Thursday 5 March 2015

Bulk Indexing documents to Multiple Libraries using Powershell

Suppose we have a Document Library with large no. documents and we want to update the metadata which is kept in an excel file from local drive using PowerShell. Like this we have Multiple document Libraries and Metadata templates. Below is the process to iterate through each document library with its excel templates.
Steps

As all of you know there is no direct way to update metadata from Excel. So we have to convert excel to CSV format. And avoid space in column names in the CSV file.
1. Save as excel file to CSV format
2. Create a folder structure in windows drive to store the list templates in CSV format.


3. Create a list in SharePoint to store the folder path for each CSV template corresponding to each Library. Here the List name is 'IndexList'
4. Map the column names such as LibraryName, LibraryUrlName and TemplatePath in the script
5. Map the column names from CSV to the corresponding column names from SharePoint Library in the script.


if((Get-PSSnapin "Microsoft.SharePoint.PowerShell") -eq $null

{

Add-PSSnapin Microsoft.SharePoint.PowerShell

} 

$url = "http://sitename:portno/"

$OpenWeb = Get-SPWeb $url

$DocumentIndexing = $OpenWeb.Lists["IndexList"]

ForEach($item in $DocumentIndexing.Items)

{

$docLibraryName = $item["LibraryName"]

$docLibraryUrlName = $item["LibraryUrlName"]

$localFolderPath = $item["LinkTitle"]

$docLibrary = $OpenWeb.Lists[$docLibraryName]

Write-Host $localFolderPath

$file = Get-Content "$localFolderPath"

#Open file

function Update-SPList()

{

$data = Import-Csv $localFolderPath

$OpenWeb = Get-SPWeb $url

$folder = $OpenWeb.getfolder($docLibraryUrlName)

Write-Host $folder

foreach($row in $data)

{

#CAML query compares LinkFilename in the Library and Name Column in the CSV

$spQuery = New-Object Microsoft.SharePoint.SPQuery

$camlQuery = '<Where><Eq><FieldRef Name="LinkFilename" /><Value Type="Text">'+ $row.Name +'</Value></Eq></Where>'

$spQuery.Query = $camlQuery

$listItems = $docLibrary.GetItems($spQuery)
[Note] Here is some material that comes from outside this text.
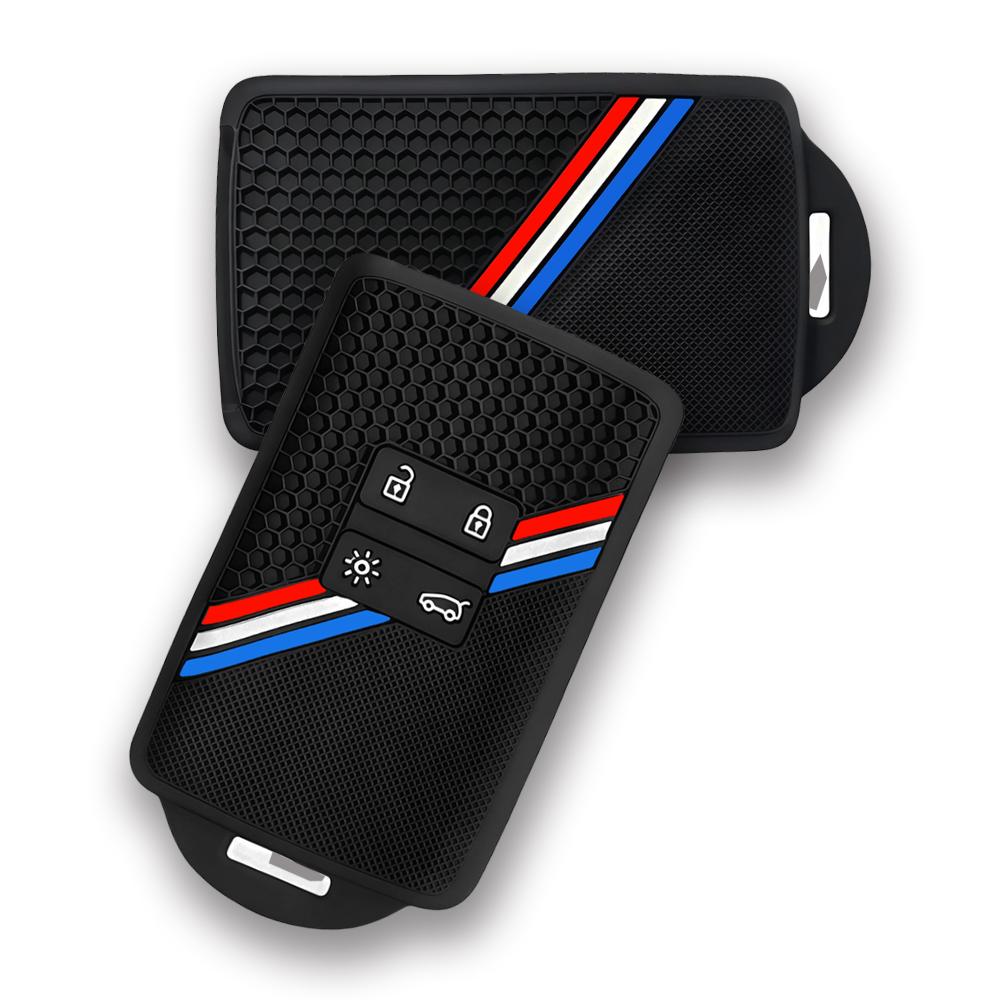 For Renault Captur 2020 Silicone Key Cover Holder for Renault Clio Megane Arkana Arcan Kadjar Zoe Espace 5 Smart Key Car Case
foreach($item in $listItems)

{

# List Out all column names from all CSV Templates of without Duplication and pass the value to Library columns.

   Write-Host "Updating" $item["LinkFilename"] "with" $row.Name

   $item["Content Type"] = $row.Document_Category

   $item["DATE_x0028_MM_x002f_YY_x0029_"] = $row.DATE

   $item["Location"] = $row.Location

   $item["Licence_x0020_No"] = $row.Licence_No

   $item["Center"]=$row.Center

   $item["Ticket"]=$row.Ticket_No

   $item["Amount"]=$row.Amount

   $item["Course"]=$row.Course

   $item.Update()

}

#Clear all rows except the CSV column Names

(Get-Content $localFolderPath |  Select -First 1) | Out-File $localFolderPath 

}
}

Update-SPList

if($OpenWeb)

{

$OpenWeb.Dispose()

}

}


Once it is updated the rows will be automatically deleted from the CSV template .